*PROBLEM TO WORK ON*.
Look through the data below and extract, unchanged, the lines from the one that contains "2019 Chevrolet Silverado 2500HD LTZ" to the one that contains "Koret Cardigan Sweater", both included.

(SUPPLIED DATA begins)

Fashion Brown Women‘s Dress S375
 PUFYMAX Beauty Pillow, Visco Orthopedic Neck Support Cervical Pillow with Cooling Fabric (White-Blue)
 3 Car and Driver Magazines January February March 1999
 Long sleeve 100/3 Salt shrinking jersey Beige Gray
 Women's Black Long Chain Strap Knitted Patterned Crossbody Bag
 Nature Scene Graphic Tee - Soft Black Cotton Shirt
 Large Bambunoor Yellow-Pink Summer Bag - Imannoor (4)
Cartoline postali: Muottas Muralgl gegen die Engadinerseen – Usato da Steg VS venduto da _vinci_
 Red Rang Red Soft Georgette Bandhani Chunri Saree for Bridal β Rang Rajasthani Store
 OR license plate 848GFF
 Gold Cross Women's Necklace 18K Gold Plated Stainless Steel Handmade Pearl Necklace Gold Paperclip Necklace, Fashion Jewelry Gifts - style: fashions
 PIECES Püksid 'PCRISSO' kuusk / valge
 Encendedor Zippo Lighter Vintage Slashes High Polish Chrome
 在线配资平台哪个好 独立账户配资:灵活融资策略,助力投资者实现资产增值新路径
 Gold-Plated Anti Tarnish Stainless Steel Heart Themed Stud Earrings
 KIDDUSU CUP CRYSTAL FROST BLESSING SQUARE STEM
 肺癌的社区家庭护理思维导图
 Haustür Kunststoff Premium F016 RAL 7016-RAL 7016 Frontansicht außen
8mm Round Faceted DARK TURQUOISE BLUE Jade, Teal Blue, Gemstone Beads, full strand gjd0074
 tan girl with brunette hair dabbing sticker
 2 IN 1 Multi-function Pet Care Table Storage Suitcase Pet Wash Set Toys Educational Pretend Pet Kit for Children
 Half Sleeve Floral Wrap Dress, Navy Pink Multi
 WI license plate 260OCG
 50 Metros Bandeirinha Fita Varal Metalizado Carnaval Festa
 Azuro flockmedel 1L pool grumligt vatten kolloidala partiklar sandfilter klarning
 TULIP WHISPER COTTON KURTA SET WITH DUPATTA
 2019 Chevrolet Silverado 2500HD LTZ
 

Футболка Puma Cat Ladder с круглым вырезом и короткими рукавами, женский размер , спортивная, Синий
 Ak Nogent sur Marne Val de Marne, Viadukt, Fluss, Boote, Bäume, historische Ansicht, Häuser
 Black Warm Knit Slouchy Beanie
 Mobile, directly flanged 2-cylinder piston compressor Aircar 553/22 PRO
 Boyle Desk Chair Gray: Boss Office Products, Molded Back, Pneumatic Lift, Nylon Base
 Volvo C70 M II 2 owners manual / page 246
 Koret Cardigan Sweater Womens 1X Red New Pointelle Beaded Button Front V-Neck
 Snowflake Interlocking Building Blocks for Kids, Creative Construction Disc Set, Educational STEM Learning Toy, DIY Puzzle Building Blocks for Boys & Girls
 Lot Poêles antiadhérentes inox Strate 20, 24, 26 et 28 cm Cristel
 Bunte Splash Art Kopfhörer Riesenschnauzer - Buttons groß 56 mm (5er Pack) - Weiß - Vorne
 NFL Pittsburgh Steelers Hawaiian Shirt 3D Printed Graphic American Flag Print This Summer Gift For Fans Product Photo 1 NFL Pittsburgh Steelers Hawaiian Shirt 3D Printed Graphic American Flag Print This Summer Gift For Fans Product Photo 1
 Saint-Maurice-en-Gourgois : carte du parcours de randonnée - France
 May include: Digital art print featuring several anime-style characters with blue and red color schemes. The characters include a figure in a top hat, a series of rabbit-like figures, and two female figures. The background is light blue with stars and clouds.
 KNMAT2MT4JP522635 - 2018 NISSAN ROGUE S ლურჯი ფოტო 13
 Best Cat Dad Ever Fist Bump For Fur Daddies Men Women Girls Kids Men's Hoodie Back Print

(SUPPLIED DATA ends)

*ANSWER TO THIS TASK*.
 2019 Chevrolet Silverado 2500HD LTZ
 

Футболка Puma Cat Ladder с круглым вырезом и короткими рукавами, женский размер , спортивная, Синий
 Ak Nogent sur Marne Val de Marne, Viadukt, Fluss, Boote, Bäume, historische Ansicht, Häuser
 Black Warm Knit Slouchy Beanie
 Mobile, directly flanged 2-cylinder piston compressor Aircar 553/22 PRO
 Boyle Desk Chair Gray: Boss Office Products, Molded Back, Pneumatic Lift, Nylon Base
 Volvo C70 M II 2 owners manual / page 246
 Koret Cardigan Sweater Womens 1X Red New Pointelle Beaded Button Front V-Neck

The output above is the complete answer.